Here’s the massively messed-up part: I already knew what he was up to. See, when I did my research on Wing, I saw the following special offer:
Buy any full price CD (US$15 each, as listed below) and pay just $3 more – a total of US $18, and Wing will sing live just for you over the telephone. (You can have Wing sing to a friend instead if you wish.) Bookings must be made in advance – see requirements below.)
My first thought was well, shit, I know what I’m getting Jeff for his birthday next May!
So the minute I saw Jeff’s IM, I knew exactly what was up. And this is why I both love and hate Jeff: he has no problem with dropping a total of, like, $30 just to annoy me.
But because I hate him more than I love him, I responded as such:
Jason: I don’t think I’m going to be around to pick up my phone at 5 PM tonight.
Jason: Maybe you can ask Wing if she can call me at another time?
Jeff: HOW DID YOU KNOW?
Jeff: You fucker!
Finally, for a brief moment, I was the one doing the happy dance.
Jeff was upset that I had spoiled the “surprise,” but like me, he was somewhat amused/creeped out that we both had the same idea.

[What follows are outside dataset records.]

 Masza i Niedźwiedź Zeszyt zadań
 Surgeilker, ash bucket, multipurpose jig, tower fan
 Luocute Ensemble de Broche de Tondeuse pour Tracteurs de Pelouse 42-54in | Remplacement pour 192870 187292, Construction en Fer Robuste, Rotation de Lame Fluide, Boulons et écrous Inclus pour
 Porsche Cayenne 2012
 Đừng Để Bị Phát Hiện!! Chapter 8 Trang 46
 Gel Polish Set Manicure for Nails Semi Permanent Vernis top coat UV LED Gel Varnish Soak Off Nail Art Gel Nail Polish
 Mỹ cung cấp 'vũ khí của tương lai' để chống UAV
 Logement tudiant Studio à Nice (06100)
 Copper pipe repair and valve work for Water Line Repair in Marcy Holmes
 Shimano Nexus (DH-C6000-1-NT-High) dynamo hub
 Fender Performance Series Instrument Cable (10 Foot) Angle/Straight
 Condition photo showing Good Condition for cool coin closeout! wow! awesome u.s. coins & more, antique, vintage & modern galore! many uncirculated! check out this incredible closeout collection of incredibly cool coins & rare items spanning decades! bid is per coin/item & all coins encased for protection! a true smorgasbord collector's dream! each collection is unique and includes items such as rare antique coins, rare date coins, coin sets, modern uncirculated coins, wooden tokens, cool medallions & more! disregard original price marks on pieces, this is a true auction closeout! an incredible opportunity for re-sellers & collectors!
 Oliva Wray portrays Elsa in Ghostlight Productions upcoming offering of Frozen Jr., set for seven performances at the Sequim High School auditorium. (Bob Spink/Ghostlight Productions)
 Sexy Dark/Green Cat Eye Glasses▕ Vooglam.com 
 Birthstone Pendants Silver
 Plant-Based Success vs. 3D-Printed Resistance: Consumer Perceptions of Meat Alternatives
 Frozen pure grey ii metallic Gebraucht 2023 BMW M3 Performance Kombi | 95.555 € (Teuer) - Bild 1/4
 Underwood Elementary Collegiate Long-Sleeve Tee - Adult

Either way, I had about 7 hours before I’d be hearing from the one, the only … Wing. Wiiiiiiiiiiiiiiiiiiiiiiiiiiiiiiiiing.
4:45 PM. I hook up my cell phone to a recorder and some headphones, sit down and eagerly await the call from New Zealand’s national treasure. 5 o’clock rolls around, and my cell phone is silent. 5:15. A million questions roll through my mind.
What the hell is going on?
Maybe Jeff gave her the wrong number.
Maybe she got hit by a truck.
Gasp! Maybe she’s not calling me at all, and Jeff is just making me sit around, waiting for her!
I bet it probably would have been a recording anyway. No way is she just sitting in New Zealand, singing for people over the phone.
Screw this, I’m making dinner.
I disconnect my cell phone from the recorder and headphones, and go off to chop vegetables.
5:32: RING! WING! I rush back in, hook everything back up to the cell phone, and, well, listen in, won’t you?
Wing Calls Jason at Home (download)
I ask you: is that awesome or is that awesome? I received a real live phone call from Wing! And a kick-ass performance of “Dancing Queen”! Okay, maybe she was late on a few cues and forgot some of the words, but at this point, I am so far from being critical of her. Because once I talked to her on the phone, I found myself inexplicably charmed by this sweet woman. She may be in on the joke. She may not be in on the joke. Either way, she’s making some sort of a living and bringing smiles to people’s faces. No, I’m not going to listen to her for pleasure, but consider me a Wing fan.
Oh, and did you hear that SHE’S COMING TO NEW YORK?
Popdosers, this is your chance to become a part of Earmageddon. If you’re within two hours of New York City between October 19th and 22nd, we want you to join us for a night of Wing. Jeff’s going to come down from New Hampshire. All sorts of Popdose staffers will be there. (They may not know it yet, but trust me, they’ll be there.) Once the dates are finalized and appear on her website, we’ll pick an evening, go out for a big Popdose dinner, and then … prepare for Wingmageddon. Mark the dates down now, and we’ll get back to you as soon as we know more information.
Thanks for reading! And do you have a suggestion for the next edition of EARMAGEDDON? If so, keep it to yourself.